Le ciel est parsemé d'étoiles camouflées de petits nuages gris. Tout est calme sauf les petites gouttes qui piquent vers le sol. Les passants portent pratiquement tous un parapluie, mais pas Gabriel, pas lui. Être mouillé ne lui fait rien, il se fiche bien d'avoir les semelles boueuses ou l'habit humide. Il marche et rien ne peut le détourner de son but, enfin si c'en est un.

Il erre, ne fait que ça. Il a tout perdu, plus rien ne le retient, il n'a pas de chez lui. Il n'a pas non plus d'endroit où manger ni même dormir.
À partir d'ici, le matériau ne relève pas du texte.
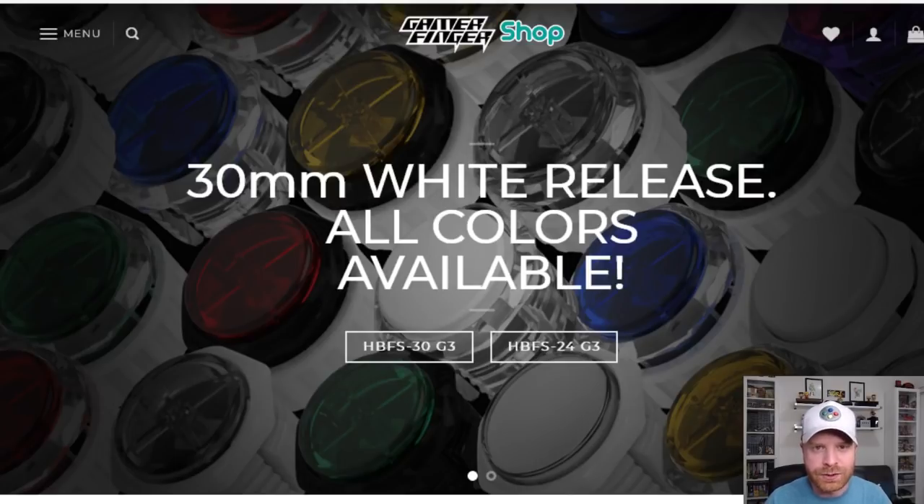Hey everyone, Mr. Segeno here. In today's video I'm going to take a look at Gamer Finger buttons, the HBFS30 and the HBFS24. I'm going to compare them to the Sanwa OBSF buttons as well as the Hori Hayabusa buttons. Let's get started.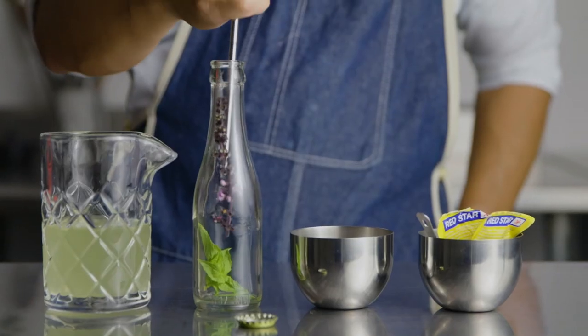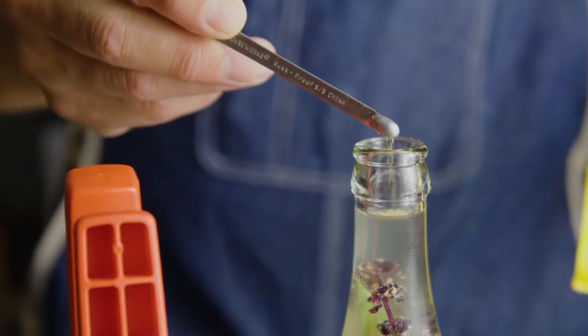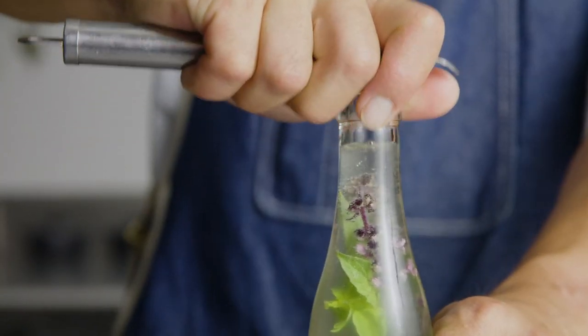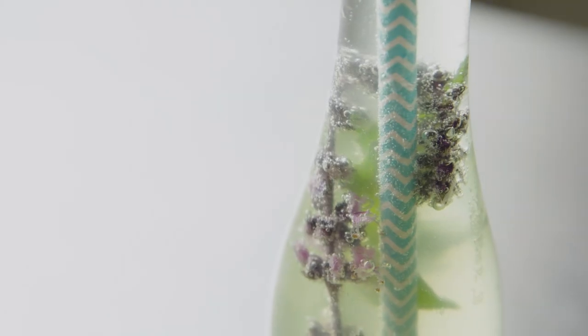I muddle basil, then I pour it into a bottle, add champagne yeast for carbonation, and capping. Using the Flavor Atlas, I was able to combine these flavors to create a unique cocktail that I've never done before.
Il n'a pas quatre sous dans son bagage. Il n'est pas très sociable, il n'aime pas vraiment tenir une conversation. Pourtant, il se pose beaucoup de questions sur les autres et sur le monde qui l'entoure.

Il compare chaque être humain à une étoile et se crée son système solaire avec une personne inconnue en son milieu. Ce sont là ses uniques pensées et sa seule capacité de réflexion qui le font tenir. Dans ce monde abrupt, rares sont ses distractions.

Il avait d'abord pensé que ses parents se trouvaient au centre de ce vaste univers, mais la vie n'avait pas été clémente envers eux. Ils étaient morts quelques années avant le début de la guerre.

Après cet incident, il avait perdu toute raison de vivre. Il était horriblement seul. Personne ne lui prêtait attention, même lui se négligeait, comme s'il n'existait plus. Puis il rencontra Martin, un ami sur qui compter. C'était le seul qui avait fait preuve d'affection depuis longtemps et qui lui avait tendu la main. Gabriel était très renfermé sur lui-même, mais Martin lui avait redonné le sourire.

Des années plus tard, alors qu'ils n'avaient que dix-sept-ans, ils avaient été enrôlés dans l'armée pour être envoyés sur le front. À ce moment-là, la France allait mal face à l'invasion Allemande. Le gouvernement recrutait des hommes, même les plus jeunes et les moins compétents. Ils ne pensaient pas qu'ils allaient vivre un si grand cauchemar éveillé, ils voulaient simplement sauver le monde.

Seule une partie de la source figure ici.